Task data Block Start

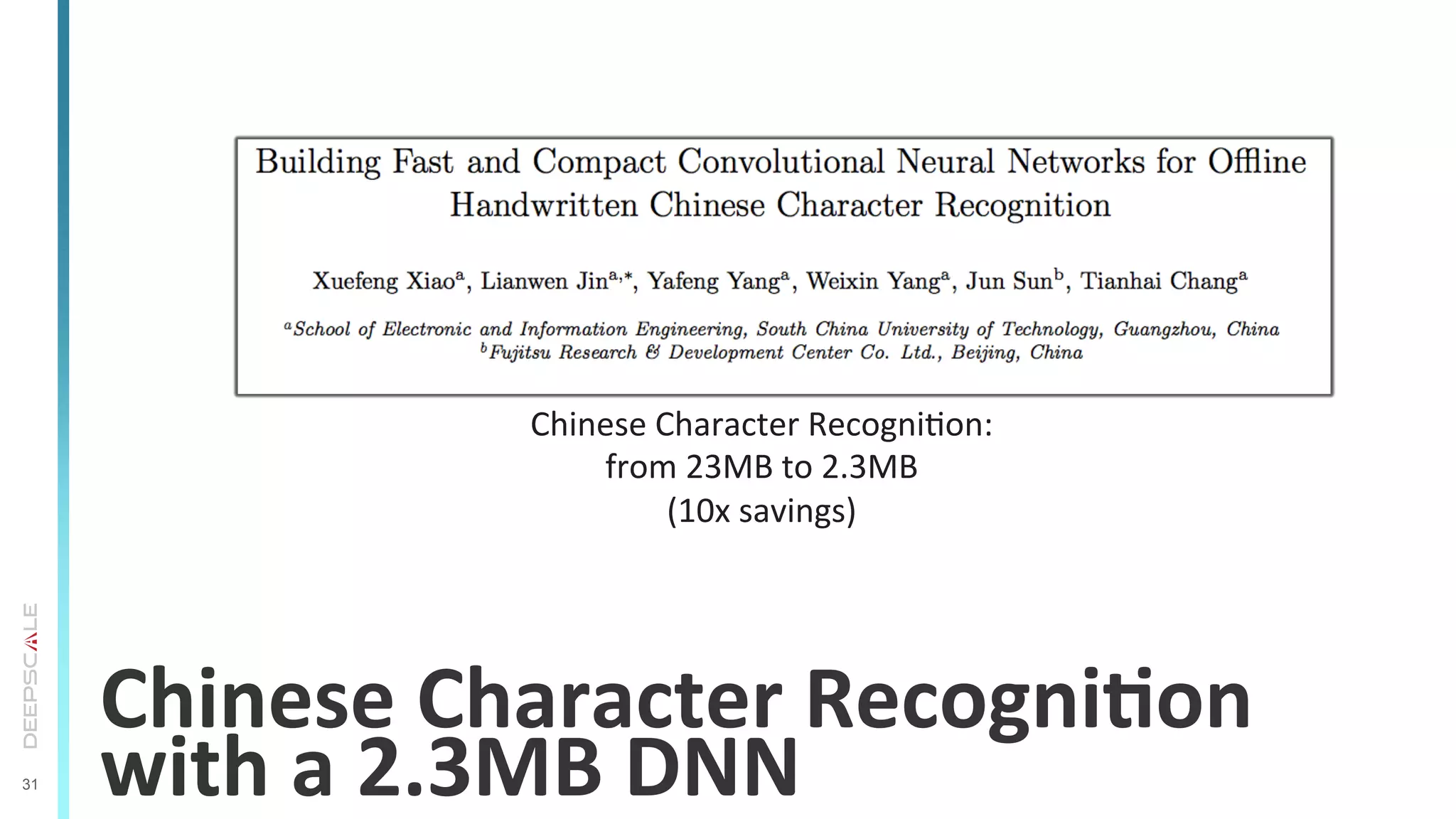 31
Chinese	
  Character	
  RecogniSon	
  
with	
  a	
  2.3MB	
  DNN	
  
Chinese	
  Character	
  RecogniTon:	
  
from	
  23MB	
  to	
  2.3MB	
  	
  
(10x	
  savings)	
  
 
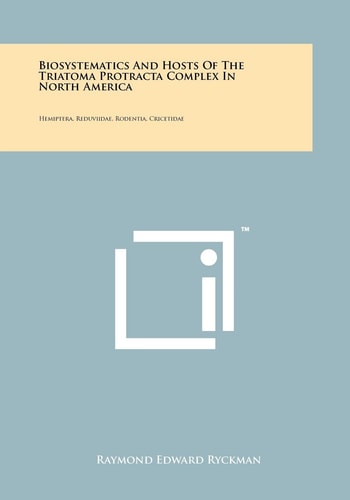 Biosystematics And Hosts Of The Triatoma Protracta Complex In North America Hemiptera, Reduviidae, Rodentia, Cricetidae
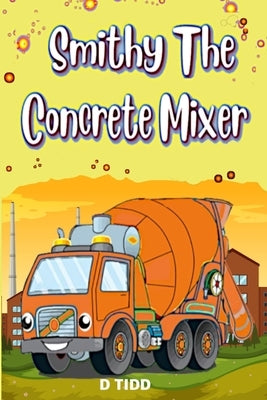 Smithy The Concrete Mixer by Tidd, Darryl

Task data Block End

▸ **Aim of the task**
Exact reproduction of the entries above is required, with pictures excluded.

▸ **Written solution**
 31
Chinese	
  Character	
  RecogniSon	
  
with	
  a	
  2.3MB	
  DNN	
  
Chinese	
  Character	
  RecogniTon:	
  
from	
  23MB	
  to	
  2.3MB	
  	
  
(10x	
  savings)	
  
 
 Biosystematics And Hosts Of The Triatoma Protracta Complex In North America Hemiptera, Reduviidae, Rodentia, Cricetidae
 Smithy The Concrete Mixer by Tidd, Darryl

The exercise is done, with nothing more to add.